All the entries that follow are to be returned exactly.
##### Raw data #####
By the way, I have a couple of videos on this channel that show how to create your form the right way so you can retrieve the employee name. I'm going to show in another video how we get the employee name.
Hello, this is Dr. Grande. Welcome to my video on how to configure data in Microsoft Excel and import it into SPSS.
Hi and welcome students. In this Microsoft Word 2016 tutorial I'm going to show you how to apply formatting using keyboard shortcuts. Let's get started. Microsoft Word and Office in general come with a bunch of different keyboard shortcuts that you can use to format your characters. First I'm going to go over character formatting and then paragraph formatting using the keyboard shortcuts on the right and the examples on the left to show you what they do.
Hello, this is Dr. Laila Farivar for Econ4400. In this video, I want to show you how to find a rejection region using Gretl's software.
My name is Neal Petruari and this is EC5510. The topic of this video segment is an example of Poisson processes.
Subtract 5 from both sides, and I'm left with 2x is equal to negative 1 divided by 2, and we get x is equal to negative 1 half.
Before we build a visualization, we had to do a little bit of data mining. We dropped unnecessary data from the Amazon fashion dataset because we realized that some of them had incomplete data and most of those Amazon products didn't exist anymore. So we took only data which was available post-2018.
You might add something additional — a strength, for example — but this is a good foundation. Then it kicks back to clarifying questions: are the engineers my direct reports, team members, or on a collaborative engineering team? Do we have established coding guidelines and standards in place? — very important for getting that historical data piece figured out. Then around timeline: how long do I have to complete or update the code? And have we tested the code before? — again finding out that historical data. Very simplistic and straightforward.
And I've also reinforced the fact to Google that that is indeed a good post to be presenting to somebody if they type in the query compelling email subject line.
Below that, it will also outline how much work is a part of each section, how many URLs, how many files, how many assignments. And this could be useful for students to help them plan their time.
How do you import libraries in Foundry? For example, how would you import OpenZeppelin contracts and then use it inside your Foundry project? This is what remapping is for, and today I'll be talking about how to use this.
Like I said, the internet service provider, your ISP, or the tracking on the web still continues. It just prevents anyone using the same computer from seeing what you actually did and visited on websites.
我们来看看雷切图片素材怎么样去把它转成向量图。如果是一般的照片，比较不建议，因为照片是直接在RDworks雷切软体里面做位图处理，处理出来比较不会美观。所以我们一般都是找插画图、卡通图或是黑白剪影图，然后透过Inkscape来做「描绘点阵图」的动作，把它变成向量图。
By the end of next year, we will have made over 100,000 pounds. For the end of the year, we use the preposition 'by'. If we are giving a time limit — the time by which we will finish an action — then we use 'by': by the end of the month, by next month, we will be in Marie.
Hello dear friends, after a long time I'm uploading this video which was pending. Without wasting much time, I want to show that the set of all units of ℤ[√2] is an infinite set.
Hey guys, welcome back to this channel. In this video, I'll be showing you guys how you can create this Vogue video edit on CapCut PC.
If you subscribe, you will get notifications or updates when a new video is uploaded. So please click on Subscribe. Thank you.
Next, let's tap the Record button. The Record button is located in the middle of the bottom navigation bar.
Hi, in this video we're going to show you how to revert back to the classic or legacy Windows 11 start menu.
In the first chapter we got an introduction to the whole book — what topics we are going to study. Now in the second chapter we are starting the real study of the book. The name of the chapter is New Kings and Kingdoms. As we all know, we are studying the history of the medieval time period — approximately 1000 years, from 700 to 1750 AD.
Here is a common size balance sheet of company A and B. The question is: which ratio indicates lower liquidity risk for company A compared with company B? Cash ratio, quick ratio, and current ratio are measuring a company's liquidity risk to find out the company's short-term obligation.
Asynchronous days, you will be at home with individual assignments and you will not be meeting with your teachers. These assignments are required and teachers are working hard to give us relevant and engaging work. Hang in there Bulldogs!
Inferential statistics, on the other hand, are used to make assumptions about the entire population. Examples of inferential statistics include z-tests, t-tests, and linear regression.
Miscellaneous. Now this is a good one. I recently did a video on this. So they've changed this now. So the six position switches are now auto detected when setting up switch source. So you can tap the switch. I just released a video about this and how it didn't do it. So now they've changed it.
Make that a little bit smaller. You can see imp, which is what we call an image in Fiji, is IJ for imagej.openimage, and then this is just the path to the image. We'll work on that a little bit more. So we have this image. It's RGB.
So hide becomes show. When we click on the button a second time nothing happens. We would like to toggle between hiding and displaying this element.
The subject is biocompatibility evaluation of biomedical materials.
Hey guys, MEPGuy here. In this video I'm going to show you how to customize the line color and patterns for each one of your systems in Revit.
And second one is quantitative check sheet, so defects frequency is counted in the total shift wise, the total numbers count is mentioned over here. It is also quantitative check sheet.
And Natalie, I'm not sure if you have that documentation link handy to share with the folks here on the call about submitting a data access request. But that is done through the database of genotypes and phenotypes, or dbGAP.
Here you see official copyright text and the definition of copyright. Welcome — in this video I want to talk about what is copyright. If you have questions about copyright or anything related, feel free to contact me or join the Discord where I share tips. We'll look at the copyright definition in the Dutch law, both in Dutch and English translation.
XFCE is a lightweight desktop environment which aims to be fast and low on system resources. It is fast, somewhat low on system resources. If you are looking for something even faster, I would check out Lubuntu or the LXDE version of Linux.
#####
| Exercise solution |
By the way, I have a couple of videos on this channel that show how to create your form the right way so you can retrieve the employee name. I'm going to show in another video how we get the employee name.
Hello, this is Dr. Grande. Welcome to my video on how to configure data in Microsoft Excel and import it into SPSS.
Hi and welcome students. In this Microsoft Word 2016 tutorial I'm going to show you how to apply formatting using keyboard shortcuts. Let's get started. Microsoft Word and Office in general come with a bunch of different keyboard shortcuts that you can use to format your characters. First I'm going to go over character formatting and then paragraph formatting using the keyboard shortcuts on the right and the examples on the left to show you what they do.
Hello, this is Dr. Laila Farivar for Econ4400. In this video, I want to show you how to find a rejection region using Gretl's software.
My name is Neal Petruari and this is EC5510. The topic of this video segment is an example of Poisson processes.
Subtract 5 from both sides, and I'm left with 2x is equal to negative 1 divided by 2, and we get x is equal to negative 1 half.
Before we build a visualization, we had to do a little bit of data mining. We dropped unnecessary data from the Amazon fashion dataset because we realized that some of them had incomplete data and most of those Amazon products didn't exist anymore. So we took only data which was available post-2018.
You might add something additional — a strength, for example — but this is a good foundation. Then it kicks back to clarifying questions: are the engineers my direct reports, team members, or on a collaborative engineering team? Do we have established coding guidelines and standards in place? — very important for getting that historical data piece figured out. Then around timeline: how long do I have to complete or update the code? And have we tested the code before? — again finding out that historical data. Very simplistic and straightforward.
And I've also reinforced the fact to Google that that is indeed a good post to be presenting to somebody if they type in the query compelling email subject line.
Below that, it will also outline how much work is a part of each section, how many URLs, how many files, how many assignments. And this could be useful for students to help them plan their time.
How do you import libraries in Foundry? For example, how would you import OpenZeppelin contracts and then use it inside your Foundry project? This is what remapping is for, and today I'll be talking about how to use this.
Like I said, the internet service provider, your ISP, or the tracking on the web still continues. It just prevents anyone using the same computer from seeing what you actually did and visited on websites.
我们来看看雷切图片素材怎么样去把它转成向量图。如果是一般的照片，比较不建议，因为照片是直接在RDworks雷切软体里面做位图处理，处理出来比较不会美观。所以我们一般都是找插画图、卡通图或是黑白剪影图，然后透过Inkscape来做「描绘点阵图」的动作，把它变成向量图。
By the end of next year, we will have made over 100,000 pounds. For the end of the year, we use the preposition 'by'. If we are giving a time limit — the time by which we will finish an action — then we use 'by': by the end of the month, by next month, we will be in Marie.
Hello dear friends, after a long time I'm uploading this video which was pending. Without wasting much time, I want to show that the set of all units of ℤ[√2] is an infinite set.
Hey guys, welcome back to this channel. In this video, I'll be showing you guys how you can create this Vogue video edit on CapCut PC.
If you subscribe, you will get notifications or updates when a new video is uploaded. So please click on Subscribe. Thank you.
Next, let's tap the Record button. The Record button is located in the middle of the bottom navigation bar.
Hi, in this video we're going to show you how to revert back to the classic or legacy Windows 11 start menu.
In the first chapter we got an introduction to the whole book — what topics we are going to study. Now in the second chapter we are starting the real study of the book. The name of the chapter is New Kings and Kingdoms. As we all know, we are studying the history of the medieval time period — approximately 1000 years, from 700 to 1750 AD.
Here is a common size balance sheet of company A and B. The question is: which ratio indicates lower liquidity risk for company A compared with company B? Cash ratio, quick ratio, and current ratio are measuring a company's liquidity risk to find out the company's short-term obligation.
Asynchronous days, you will be at home with individual assignments and you will not be meeting with your teachers. These assignments are required and teachers are working hard to give us relevant and engaging work. Hang in there Bulldogs!
Inferential statistics, on the other hand, are used to make assumptions about the entire population. Examples of inferential statistics include z-tests, t-tests, and linear regression.
Miscellaneous. Now this is a good one. I recently did a video on this. So they've changed this now. So the six position switches are now auto detected when setting up switch source. So you can tap the switch. I just released a video about this and how it didn't do it. So now they've changed it.
Make that a little bit smaller. You can see imp, which is what we call an image in Fiji, is IJ for imagej.openimage, and then this is just the path to the image. We'll work on that a little bit more. So we have this image. It's RGB.
So hide becomes show. When we click on the button a second time nothing happens. We would like to toggle between hiding and displaying this element.
The subject is biocompatibility evaluation of biomedical materials.
Hey guys, MEPGuy here. In this video I'm going to show you how to customize the line color and patterns for each one of your systems in Revit.
And second one is quantitative check sheet, so defects frequency is counted in the total shift wise, the total numbers count is mentioned over here. It is also quantitative check sheet.
And Natalie, I'm not sure if you have that documentation link handy to share with the folks here on the call about submitting a data access request. But that is done through the database of genotypes and phenotypes, or dbGAP.
Here you see official copyright text and the definition of copyright. Welcome — in this video I want to talk about what is copyright. If you have questions about copyright or anything related, feel free to contact me or join the Discord where I share tips. We'll look at the copyright definition in the Dutch law, both in Dutch and English translation.
XFCE is a lightweight desktop environment which aims to be fast and low on system resources. It is fast, somewhat low on system resources. If you are looking for something even faster, I would check out Lubuntu or the LXDE version of Linux.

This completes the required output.